29/07/2024
🥋Modern History of Taekwondo
In 1910 Japan invades Korea without resistance of the latter to meet the fabulous power of Nippon. The invaders prohibit the practice of any non-Japanese cultural and sporting manifestation and only allow Korean police to practice Karate (Japanese) as a martial art to help maintain order.
A Korean soldier named Choi Hong Hee was in Japan sentenced to death for rebellion against the invasion, when atomic bombs that fell on this country as World War II ended, saved his life and allowed him to return to Korea with honors.
General Choi
Thus, he tried to combine the best of different arts, even the Karate he practiced, coming ten years after the end of the war, in 1955, to create an art called TAEKWONDO. Tae= foot; Kwon= fist; Do= path, i.e. the path of the feet and fists.

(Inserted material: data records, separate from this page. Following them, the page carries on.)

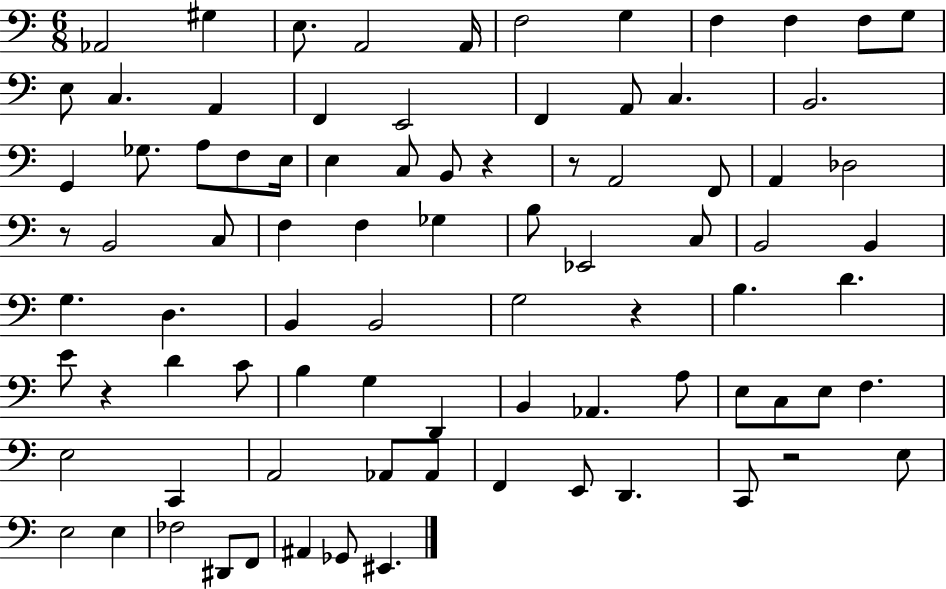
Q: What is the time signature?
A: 6/8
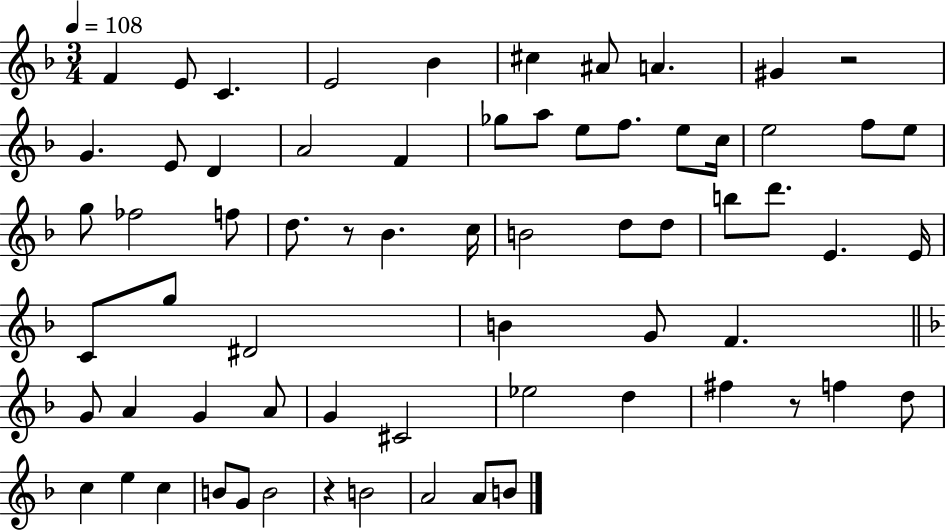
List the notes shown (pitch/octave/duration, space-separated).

F4/q E4/e C4/q. E4/h Bb4/q C#5/q A#4/e A4/q. G#4/q R/h G4/q. E4/e D4/q A4/h F4/q Gb5/e A5/e E5/e F5/e. E5/e C5/s E5/h F5/e E5/e G5/e FES5/h F5/e D5/e. R/e Bb4/q. C5/s B4/h D5/e D5/e B5/e D6/e. E4/q. E4/s C4/e G5/e D#4/h B4/q G4/e F4/q. G4/e A4/q G4/q A4/e G4/q C#4/h Eb5/h D5/q F#5/q R/e F5/q D5/e C5/q E5/q C5/q B4/e G4/e B4/h R/q B4/h A4/h A4/e B4/e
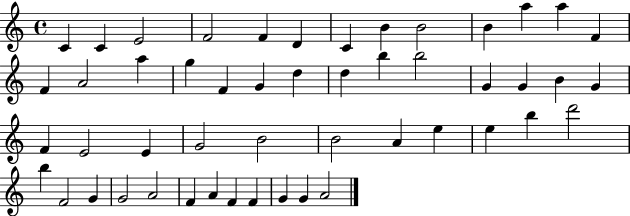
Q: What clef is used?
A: treble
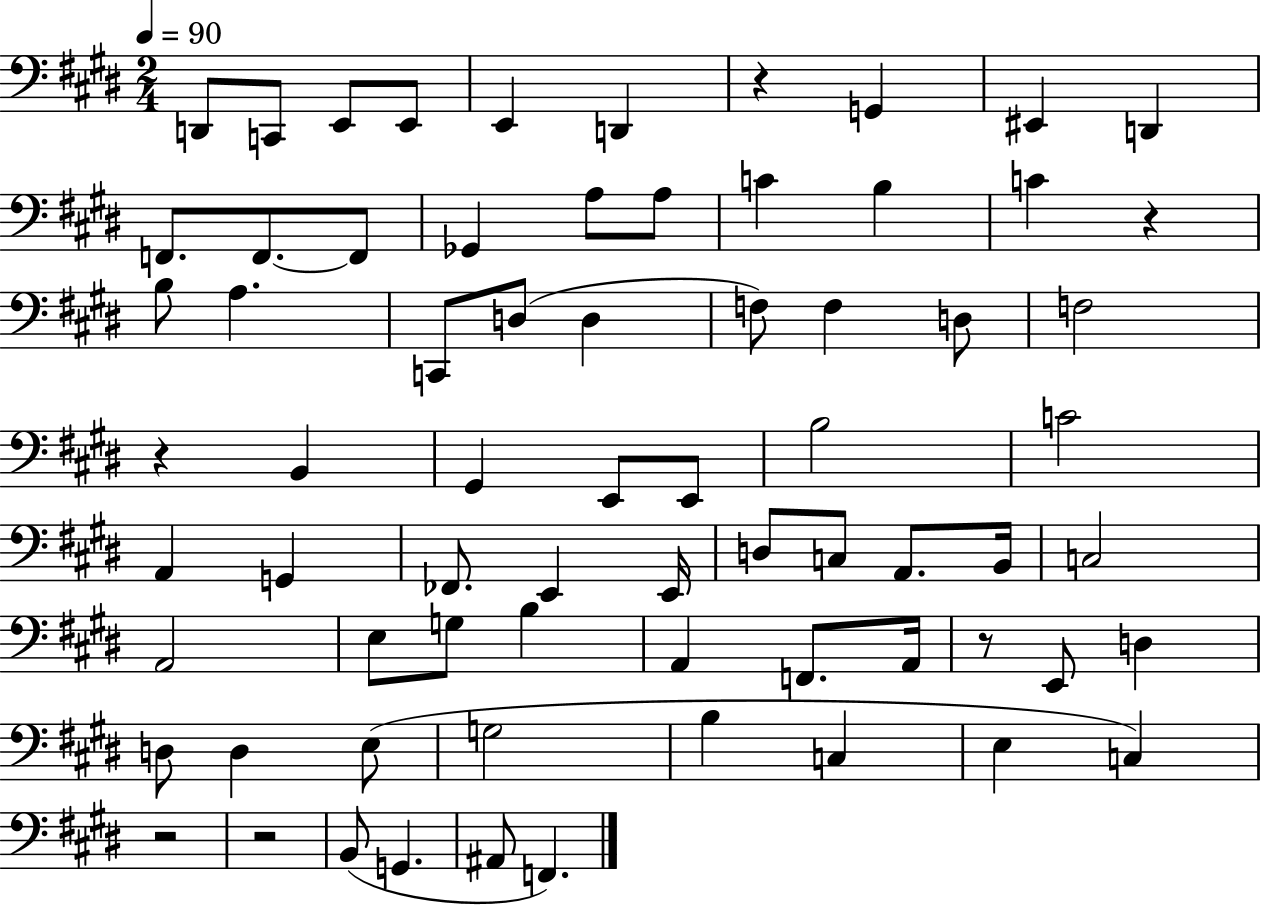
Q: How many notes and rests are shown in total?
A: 70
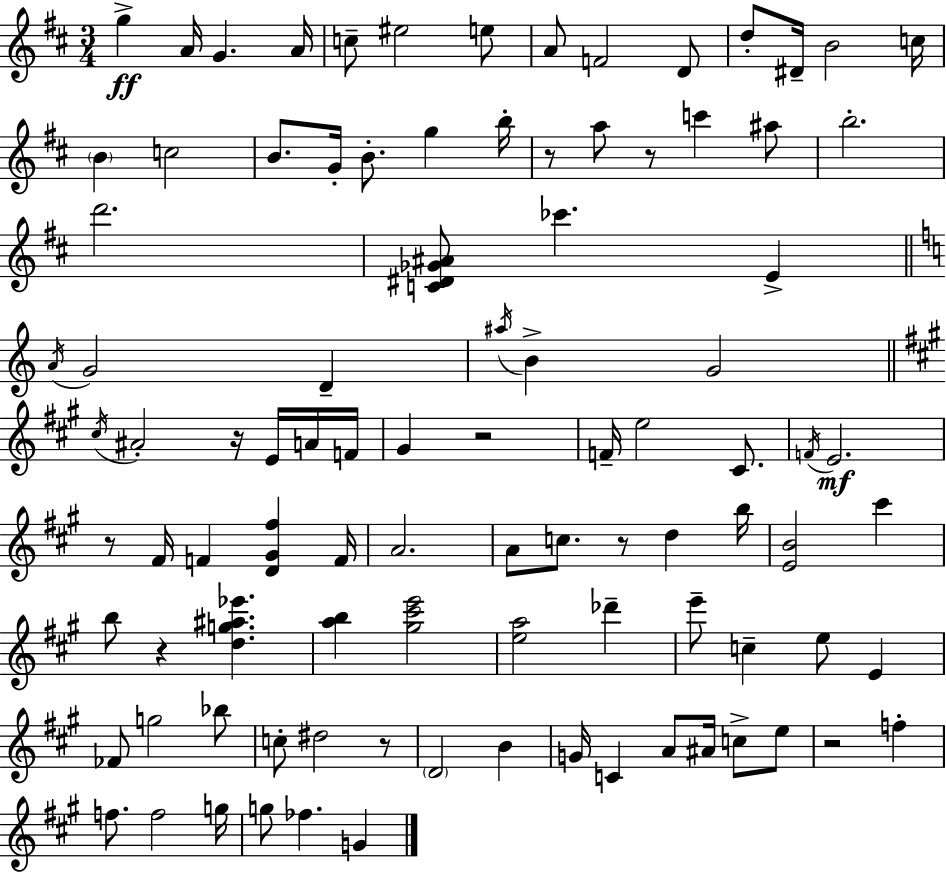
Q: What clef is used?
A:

Turned into a general, his approach to North Korea was not well seen by the South Korean military, accusing him of being a communist and of trying to make a revolution in favor of the latter.
Turned into a general, his approach to North Korea was not well seen by the South Korean military, accusing him of being a communist and of trying to make a revolution in favor of the latter.
So it was that in his capacity as President of the Korean Taekwondo Association he founded the I.T.F. (International Taekwondo Federation) in 1996 and had to go to Canada to avoid being convicted for subversive.
Korean authorities claiming that this art was the property of an entire country and not of a single person or organization, created in 1970 the W.T.F. (World Taekwondo Federation or World Taekwondo Federation) based in Seoul.